*Task data:*
________________
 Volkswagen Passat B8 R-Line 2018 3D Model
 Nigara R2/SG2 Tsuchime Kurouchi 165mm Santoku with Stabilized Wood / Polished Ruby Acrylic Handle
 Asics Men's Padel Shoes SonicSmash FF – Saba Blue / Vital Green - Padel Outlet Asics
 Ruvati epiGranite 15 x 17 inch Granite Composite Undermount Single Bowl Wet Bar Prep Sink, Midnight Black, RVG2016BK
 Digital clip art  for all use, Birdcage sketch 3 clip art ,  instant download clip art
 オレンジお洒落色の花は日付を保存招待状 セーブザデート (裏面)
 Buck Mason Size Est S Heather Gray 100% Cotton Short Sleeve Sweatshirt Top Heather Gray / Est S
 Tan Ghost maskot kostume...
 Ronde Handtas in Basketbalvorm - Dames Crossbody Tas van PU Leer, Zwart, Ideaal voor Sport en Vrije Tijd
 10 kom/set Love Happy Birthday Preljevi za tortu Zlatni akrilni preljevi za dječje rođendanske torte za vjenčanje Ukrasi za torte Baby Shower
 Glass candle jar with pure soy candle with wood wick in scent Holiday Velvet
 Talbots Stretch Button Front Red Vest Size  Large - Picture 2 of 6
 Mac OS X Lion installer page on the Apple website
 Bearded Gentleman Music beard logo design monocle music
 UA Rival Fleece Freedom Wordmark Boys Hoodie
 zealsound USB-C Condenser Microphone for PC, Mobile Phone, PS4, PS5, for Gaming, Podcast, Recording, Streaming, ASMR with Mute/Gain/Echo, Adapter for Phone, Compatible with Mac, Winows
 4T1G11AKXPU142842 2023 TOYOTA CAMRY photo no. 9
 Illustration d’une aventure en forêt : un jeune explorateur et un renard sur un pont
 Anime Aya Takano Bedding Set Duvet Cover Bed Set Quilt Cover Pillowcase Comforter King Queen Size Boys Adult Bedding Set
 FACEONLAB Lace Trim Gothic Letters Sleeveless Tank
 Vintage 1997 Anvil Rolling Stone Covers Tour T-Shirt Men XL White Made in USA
________________
*About this task:* Return every entry exactly.

*Response below:*
 Volkswagen Passat B8 R-Line 2018 3D Model
 Nigara R2/SG2 Tsuchime Kurouchi 165mm Santoku with Stabilized Wood / Polished Ruby Acrylic Handle
 Asics Men's Padel Shoes SonicSmash FF – Saba Blue / Vital Green - Padel Outlet Asics
 Ruvati epiGranite 15 x 17 inch Granite Composite Undermount Single Bowl Wet Bar Prep Sink, Midnight Black, RVG2016BK
 Digital clip art  for all use, Birdcage sketch 3 clip art ,  instant download clip art
 オレンジお洒落色の花は日付を保存招待状 セーブザデート (裏面)
 Buck Mason Size Est S Heather Gray 100% Cotton Short Sleeve Sweatshirt Top Heather Gray / Est S
 Tan Ghost maskot kostume...
 Ronde Handtas in Basketbalvorm - Dames Crossbody Tas van PU Leer, Zwart, Ideaal voor Sport en Vrije Tijd
 10 kom/set Love Happy Birthday Preljevi za tortu Zlatni akrilni preljevi za dječje rođendanske torte za vjenčanje Ukrasi za torte Baby Shower
 Glass candle jar with pure soy candle with wood wick in scent Holiday Velvet
 Talbots Stretch Button Front Red Vest Size  Large - Picture 2 of 6
 Mac OS X Lion installer page on the Apple website
 Bearded Gentleman Music beard logo design monocle music
 UA Rival Fleece Freedom Wordmark Boys Hoodie
 zealsound USB-C Condenser Microphone for PC, Mobile Phone, PS4, PS5, for Gaming, Podcast, Recording, Streaming, ASMR with Mute/Gain/Echo, Adapter for Phone, Compatible with Mac, Winows
 4T1G11AKXPU142842 2023 TOYOTA CAMRY photo no. 9
 Illustration d’une aventure en forêt : un jeune explorateur et un renard sur un pont
 Anime Aya Takano Bedding Set Duvet Cover Bed Set Quilt Cover Pillowcase Comforter King Queen Size Boys Adult Bedding Set
 FACEONLAB Lace Trim Gothic Letters Sleeveless Tank
 Vintage 1997 Anvil Rolling Stone Covers Tour T-Shirt Men XL White Made in USA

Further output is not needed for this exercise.